Biz Hep Şatoda Yaşadık dingin dinamiğiyle, sakin ama anlaşılmaya çabalayan kurgusuyla eşsiz bir roman. Gerilimi aleni değil gizliden gizliye sezeceğiniz kitapta aile ilişkileri, bilhassa kız kardeşlik vurgulanıyor. Kız kardeşlik ve “kopmaz bağ”ın, aile ilişkilerinde söylenmeden saklı tutulan sırların, sadece ve sadece “ev”in içinde kalan gerçeklerin adresini gösteriyor yazar. Biz Hep Şatoda Yaşadık’la gerçek ile gerçek olmayan arasında inişli çıkışlı bir yolculuğa çıkacak, şaşıracak, heyecanlanacak, tahmin sınırlarınızı zorlayacaksınız.

“Ay’da her şey yetişiyor. Marul, balkabaklı turta ve Armanita phalloides. Kedi tüylü bitkilerimiz ve kanatlarıyla dans eden atlarımız var. Ay’da kilitler sıkı ve sağlam, hayalet falan yok. Ay’da Julian Amca kendini iyi hissedecek ve güneş her gün parlayacak. Sen annemizin incilerini takıp dans edeceksin ve güneş her zaman parlayacak.” (s.96)
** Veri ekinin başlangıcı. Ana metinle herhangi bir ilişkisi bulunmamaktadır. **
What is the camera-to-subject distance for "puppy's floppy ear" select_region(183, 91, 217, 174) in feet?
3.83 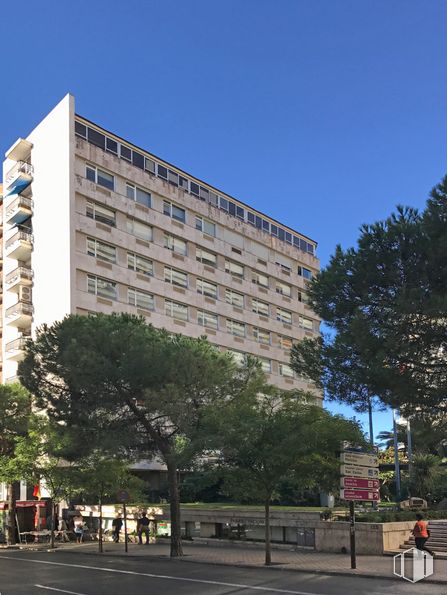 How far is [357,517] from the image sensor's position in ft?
80.6

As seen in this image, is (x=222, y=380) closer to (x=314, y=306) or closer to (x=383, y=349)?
(x=314, y=306)

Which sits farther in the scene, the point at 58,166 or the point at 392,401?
the point at 58,166

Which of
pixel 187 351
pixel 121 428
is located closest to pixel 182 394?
pixel 187 351

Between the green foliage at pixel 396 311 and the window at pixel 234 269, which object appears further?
the window at pixel 234 269

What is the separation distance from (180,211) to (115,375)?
31.0 metres

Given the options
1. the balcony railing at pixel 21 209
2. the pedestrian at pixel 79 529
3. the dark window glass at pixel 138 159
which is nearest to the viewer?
the pedestrian at pixel 79 529

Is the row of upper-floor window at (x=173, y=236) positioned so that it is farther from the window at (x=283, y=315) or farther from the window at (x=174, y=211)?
the window at (x=283, y=315)

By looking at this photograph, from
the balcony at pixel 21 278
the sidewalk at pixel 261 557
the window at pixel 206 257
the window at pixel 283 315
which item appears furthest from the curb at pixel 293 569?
the window at pixel 283 315

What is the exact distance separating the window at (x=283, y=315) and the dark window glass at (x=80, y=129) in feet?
83.8

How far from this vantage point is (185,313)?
53594 millimetres

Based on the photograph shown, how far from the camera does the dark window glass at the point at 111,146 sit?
50.7 meters

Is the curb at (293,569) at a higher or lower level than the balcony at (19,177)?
lower

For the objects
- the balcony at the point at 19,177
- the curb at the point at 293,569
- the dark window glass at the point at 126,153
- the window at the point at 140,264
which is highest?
the dark window glass at the point at 126,153

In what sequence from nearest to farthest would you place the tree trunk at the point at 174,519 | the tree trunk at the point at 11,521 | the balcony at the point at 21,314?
the tree trunk at the point at 174,519 < the tree trunk at the point at 11,521 < the balcony at the point at 21,314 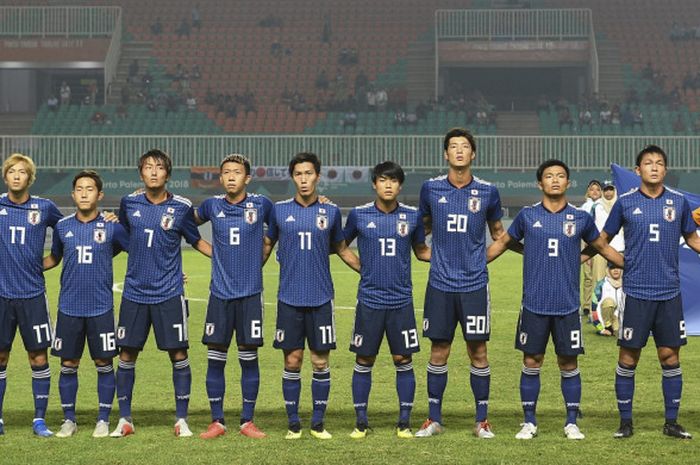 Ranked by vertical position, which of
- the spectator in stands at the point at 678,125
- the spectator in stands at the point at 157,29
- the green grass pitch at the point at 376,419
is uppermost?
the spectator in stands at the point at 157,29

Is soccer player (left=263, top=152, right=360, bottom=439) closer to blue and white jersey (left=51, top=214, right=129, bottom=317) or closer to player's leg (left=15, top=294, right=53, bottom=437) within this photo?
blue and white jersey (left=51, top=214, right=129, bottom=317)

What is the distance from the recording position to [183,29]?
45.1m

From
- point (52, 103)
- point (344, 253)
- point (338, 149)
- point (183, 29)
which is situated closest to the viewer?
point (344, 253)

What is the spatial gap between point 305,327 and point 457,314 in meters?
0.99

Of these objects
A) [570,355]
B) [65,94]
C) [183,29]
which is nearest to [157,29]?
[183,29]

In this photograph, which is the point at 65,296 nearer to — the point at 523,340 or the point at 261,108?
the point at 523,340

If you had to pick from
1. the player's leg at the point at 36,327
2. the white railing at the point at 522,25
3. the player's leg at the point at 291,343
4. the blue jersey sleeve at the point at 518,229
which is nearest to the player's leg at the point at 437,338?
the blue jersey sleeve at the point at 518,229

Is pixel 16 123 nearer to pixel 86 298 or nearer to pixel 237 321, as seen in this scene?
pixel 86 298

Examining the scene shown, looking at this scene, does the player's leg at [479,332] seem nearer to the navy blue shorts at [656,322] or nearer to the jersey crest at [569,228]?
the jersey crest at [569,228]

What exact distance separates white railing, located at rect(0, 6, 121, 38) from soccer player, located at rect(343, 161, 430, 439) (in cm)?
3612

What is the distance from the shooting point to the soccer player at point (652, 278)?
805 centimetres

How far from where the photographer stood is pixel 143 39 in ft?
146

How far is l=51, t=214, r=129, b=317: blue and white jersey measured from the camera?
322 inches

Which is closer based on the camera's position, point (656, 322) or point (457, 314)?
point (656, 322) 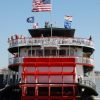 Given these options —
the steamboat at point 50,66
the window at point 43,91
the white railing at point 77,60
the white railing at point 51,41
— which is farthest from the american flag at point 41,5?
the window at point 43,91

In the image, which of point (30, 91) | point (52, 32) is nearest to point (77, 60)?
point (52, 32)

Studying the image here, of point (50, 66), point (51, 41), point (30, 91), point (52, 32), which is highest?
point (52, 32)

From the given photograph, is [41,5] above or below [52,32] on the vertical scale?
above

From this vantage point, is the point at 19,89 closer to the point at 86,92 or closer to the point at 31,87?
the point at 31,87

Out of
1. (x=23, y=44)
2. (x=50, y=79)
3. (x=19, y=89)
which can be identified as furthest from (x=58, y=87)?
(x=23, y=44)

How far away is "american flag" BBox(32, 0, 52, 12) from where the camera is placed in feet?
80.7

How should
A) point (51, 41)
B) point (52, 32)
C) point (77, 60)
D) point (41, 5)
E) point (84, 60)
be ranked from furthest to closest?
point (41, 5) → point (52, 32) → point (51, 41) → point (84, 60) → point (77, 60)

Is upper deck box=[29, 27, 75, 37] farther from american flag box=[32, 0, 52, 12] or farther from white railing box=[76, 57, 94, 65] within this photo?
white railing box=[76, 57, 94, 65]

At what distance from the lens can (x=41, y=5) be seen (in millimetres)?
24719

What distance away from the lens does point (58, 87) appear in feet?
69.1

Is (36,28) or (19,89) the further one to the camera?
(36,28)

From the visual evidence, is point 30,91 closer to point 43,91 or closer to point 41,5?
point 43,91

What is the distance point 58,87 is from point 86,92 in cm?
169

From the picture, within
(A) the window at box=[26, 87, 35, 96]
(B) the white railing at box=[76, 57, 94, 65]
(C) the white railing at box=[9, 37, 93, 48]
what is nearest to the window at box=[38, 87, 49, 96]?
(A) the window at box=[26, 87, 35, 96] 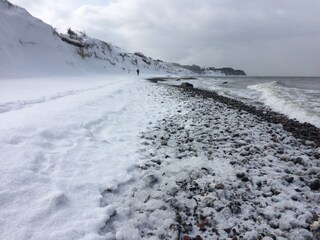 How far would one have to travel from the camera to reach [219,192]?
459 centimetres

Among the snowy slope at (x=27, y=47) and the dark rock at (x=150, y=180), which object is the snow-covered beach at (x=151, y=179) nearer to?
the dark rock at (x=150, y=180)

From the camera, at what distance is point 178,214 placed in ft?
13.1

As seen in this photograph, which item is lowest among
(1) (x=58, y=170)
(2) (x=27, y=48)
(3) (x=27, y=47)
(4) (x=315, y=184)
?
(4) (x=315, y=184)

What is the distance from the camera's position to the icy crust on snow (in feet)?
12.1

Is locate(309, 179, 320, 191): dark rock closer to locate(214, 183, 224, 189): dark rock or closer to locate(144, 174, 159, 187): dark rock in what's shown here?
locate(214, 183, 224, 189): dark rock

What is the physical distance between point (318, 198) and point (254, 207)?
1.22 meters

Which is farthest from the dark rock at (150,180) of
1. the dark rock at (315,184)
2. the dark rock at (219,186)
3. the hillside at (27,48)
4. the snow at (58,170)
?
the hillside at (27,48)

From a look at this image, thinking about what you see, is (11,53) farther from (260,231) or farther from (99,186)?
(260,231)

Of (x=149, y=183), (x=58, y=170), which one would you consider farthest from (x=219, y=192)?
(x=58, y=170)

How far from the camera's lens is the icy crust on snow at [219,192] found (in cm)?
367

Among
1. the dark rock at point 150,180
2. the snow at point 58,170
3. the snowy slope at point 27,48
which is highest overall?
the snowy slope at point 27,48

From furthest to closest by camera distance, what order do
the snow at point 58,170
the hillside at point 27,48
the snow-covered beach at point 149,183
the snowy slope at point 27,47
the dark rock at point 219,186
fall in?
the snowy slope at point 27,47
the hillside at point 27,48
the dark rock at point 219,186
the snow-covered beach at point 149,183
the snow at point 58,170

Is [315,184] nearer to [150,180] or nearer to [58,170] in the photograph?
[150,180]

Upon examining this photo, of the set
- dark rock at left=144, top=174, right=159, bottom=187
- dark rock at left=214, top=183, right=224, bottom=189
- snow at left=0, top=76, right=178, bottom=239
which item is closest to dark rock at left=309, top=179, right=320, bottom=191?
dark rock at left=214, top=183, right=224, bottom=189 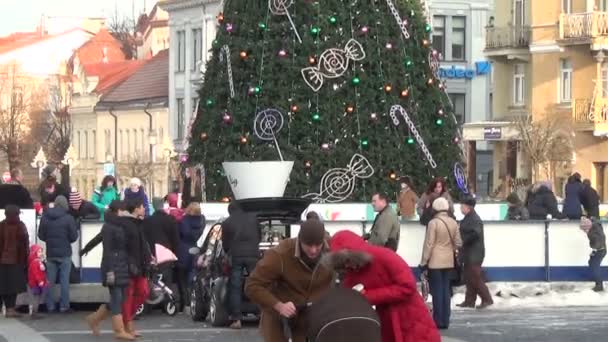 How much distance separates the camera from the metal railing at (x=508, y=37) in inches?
2539

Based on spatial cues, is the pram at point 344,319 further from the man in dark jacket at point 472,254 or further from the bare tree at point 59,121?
the bare tree at point 59,121

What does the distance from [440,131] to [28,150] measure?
7557 centimetres

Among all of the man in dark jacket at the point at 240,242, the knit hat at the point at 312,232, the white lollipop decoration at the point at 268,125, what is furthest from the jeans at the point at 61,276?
the knit hat at the point at 312,232

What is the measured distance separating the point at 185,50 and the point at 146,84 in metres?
10.9

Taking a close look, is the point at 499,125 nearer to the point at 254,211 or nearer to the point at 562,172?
the point at 562,172

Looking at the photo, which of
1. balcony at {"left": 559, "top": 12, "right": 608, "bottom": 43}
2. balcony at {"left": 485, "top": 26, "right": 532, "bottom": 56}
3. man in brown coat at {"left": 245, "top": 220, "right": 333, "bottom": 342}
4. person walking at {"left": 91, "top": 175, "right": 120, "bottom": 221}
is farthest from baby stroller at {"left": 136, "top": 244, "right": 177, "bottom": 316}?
balcony at {"left": 485, "top": 26, "right": 532, "bottom": 56}

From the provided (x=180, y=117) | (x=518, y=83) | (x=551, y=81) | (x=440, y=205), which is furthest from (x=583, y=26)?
(x=440, y=205)

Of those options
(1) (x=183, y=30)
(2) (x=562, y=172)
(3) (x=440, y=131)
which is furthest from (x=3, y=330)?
(1) (x=183, y=30)

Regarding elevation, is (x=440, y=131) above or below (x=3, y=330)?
above

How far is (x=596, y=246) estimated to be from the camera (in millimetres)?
28250

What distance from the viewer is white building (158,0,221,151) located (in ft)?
269

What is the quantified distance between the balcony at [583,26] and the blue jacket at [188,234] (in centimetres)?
3611

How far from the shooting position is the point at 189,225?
2678 cm

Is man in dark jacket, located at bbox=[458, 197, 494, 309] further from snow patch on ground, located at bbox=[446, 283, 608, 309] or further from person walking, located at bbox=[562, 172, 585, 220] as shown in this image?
person walking, located at bbox=[562, 172, 585, 220] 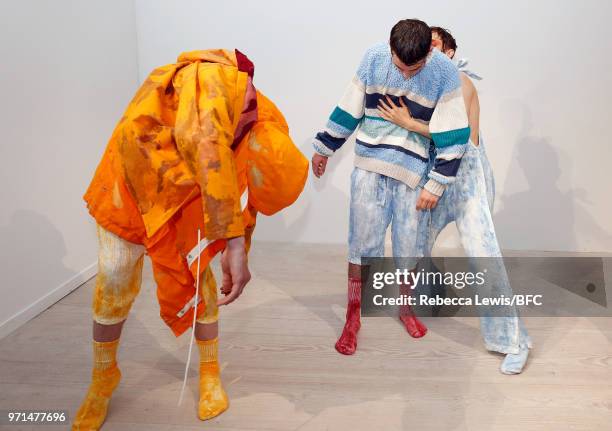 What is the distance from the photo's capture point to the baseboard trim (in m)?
2.11

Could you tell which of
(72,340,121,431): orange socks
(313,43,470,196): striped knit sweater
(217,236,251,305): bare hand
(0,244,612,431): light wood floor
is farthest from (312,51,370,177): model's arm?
(72,340,121,431): orange socks

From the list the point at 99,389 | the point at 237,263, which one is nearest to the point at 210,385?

* Kitap yıl sonunda sinemaya uyarlanacak, yönetmenliğini Stacie Passon'ın yaptığı filmde Marrecat'i Taissa Farmiga; Constance'ı Alexandra Dadalio canlandıracak. 


KÜNYE: Biz Hep Şatoda Yaşadık, Shirley Jackson, Çeviri: Berrak Göçer, Siren Yayınları, 2017, 183 sayfa.